Reputation: 23
I have a binary file of fixed length records created in MS SSIS which I need to read into SAS 9.4 64bit. Currently the file is read within a data step using this code:
data outputdata.(EOC=no
compress = yes
keep = a b c);
length a $4.;
length b 4.;
infile "&inputfile." obs= 999999999 lrecl=308 recfm=F;
input @5 a $4.
@9 b ib4.
@13 c rb4.
;
...
...
...
All variables are read correctly into the output dataset except c. c is a floating point number with 2dp, minimum value 0.00 and maximum value 99.99. In case it's useful, c starts its life off as a VB.Net Single value which is converted to binary using VB.Net's BitConverter.GetBytes(Single)
which returns a 4-byte array. This array is then written to the binary record.
From what I can tell from my research on the subject rb4.
is the correct way to read a 4-byte floating point ('real'?) value from a binary record in SAS so presumably the issue lies in how to then format that value so that it appears correctly in the output dataset. I've tried the following:
format c rb2.2;
format c 2.2;
format c 4.;
along with variations on the values of the formats statements (e.g. format c 5.;
etc). None of the formats I've tried have resulted in anything close to the correct values; most result in numbers in scientific form such as 17E9.

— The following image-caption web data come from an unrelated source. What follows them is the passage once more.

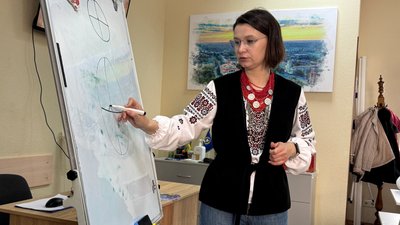 Створювали іканича — писанки надазовських греків. Про першу майстерку для переселенців, втрачені зразки та традиції Створювали іканича — писанки надазовських греків. Про першу майстерку для переселенців, втрачені зразки та традиції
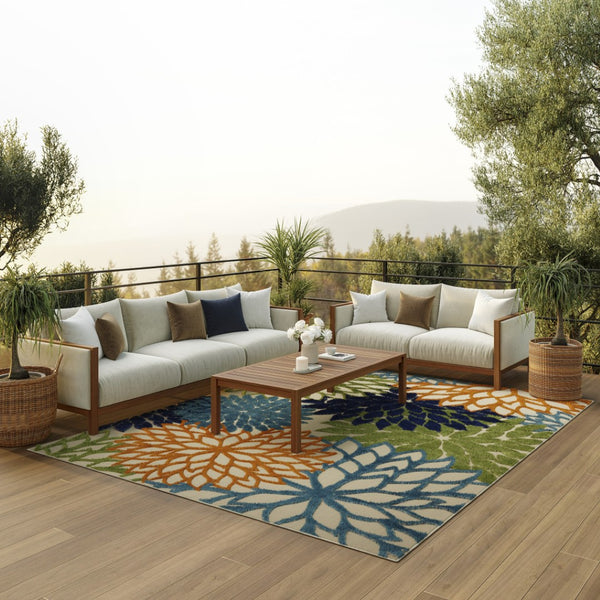 HomeRoots 6' Elegant Ivory and Blue Floral Area Rug for Indoor and Outdoor Spaces, Durable and Easy Care 7' x 10' 384642
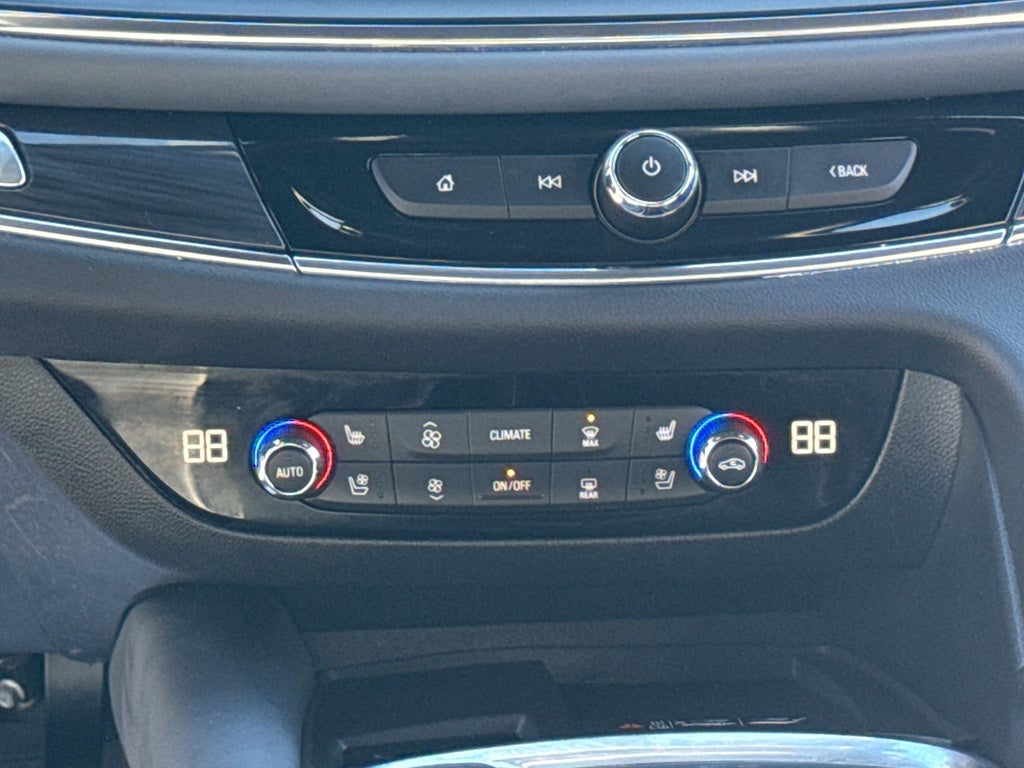 2024 Buick Enclave Premium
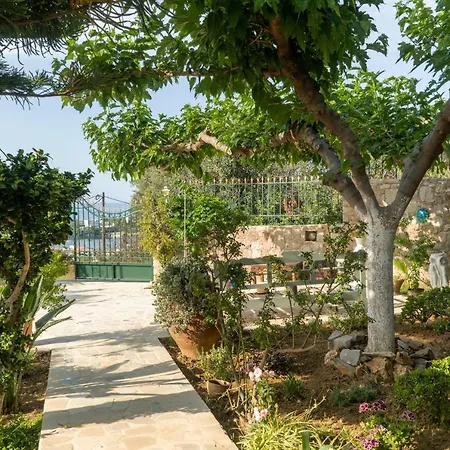 Holiday home Stone & Sea Agia Pelagia (Crete)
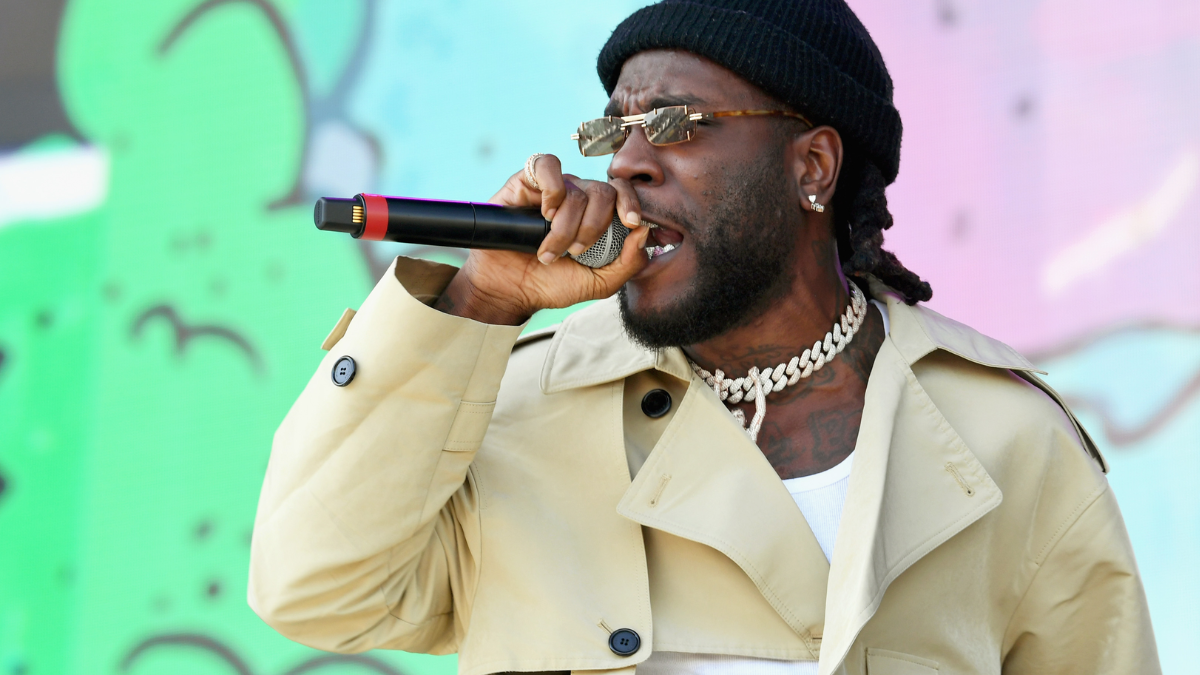 Burna Boy, a Nigerian artist, pays an emotional homage to late Sidhu Moose Wala in a heartfelt way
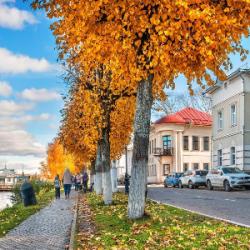 Номер стандарт с 1 двуспальной кроватью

c is a new addition to the binary file and is the only 'real' variable contained within it so I don't have an example to work from. I'm new to SAS and have inherited this project so there's a good chance the issue is something fairly fundamental!
Any guidance appreciated. Thanks
Upvotes: 1
Views: 1333
Reputation: 1319
Repeating my comment as an answer...
You should use FLOAT4. to read a value that was written by the VB.NET BitConverter.GetBytes(Single)
function. The RB4. informat reads four input bytes as if they are a truncated double-precision floating-point value, but the output of the VB.NET function is a single-precision floating-point value, aka a 'float', which is not the same thing.
The note on SAS's documentation page for the FLOAT format explains:
The FLOATw.d informat is useful in operating environments where a float value is not the same as a truncated double.
On the IBM mainframe systems, a four-byte floating-point number is the same as a truncated eight-byte floating-point number. However, in operating environments that use the IEEE floating-point standard, such as the IBM PC-based operating environments and most UNIX platforms, a four-byte floating-point number is not the same as a truncated double. Therefore, the RB4. informat does not produce the same results as FLOAT4. Floating-point representations other than IEEE might have this same characteristic. Values read with FLOAT4. typically come from some other external program that is running in your operating environment.
Upvotes: 1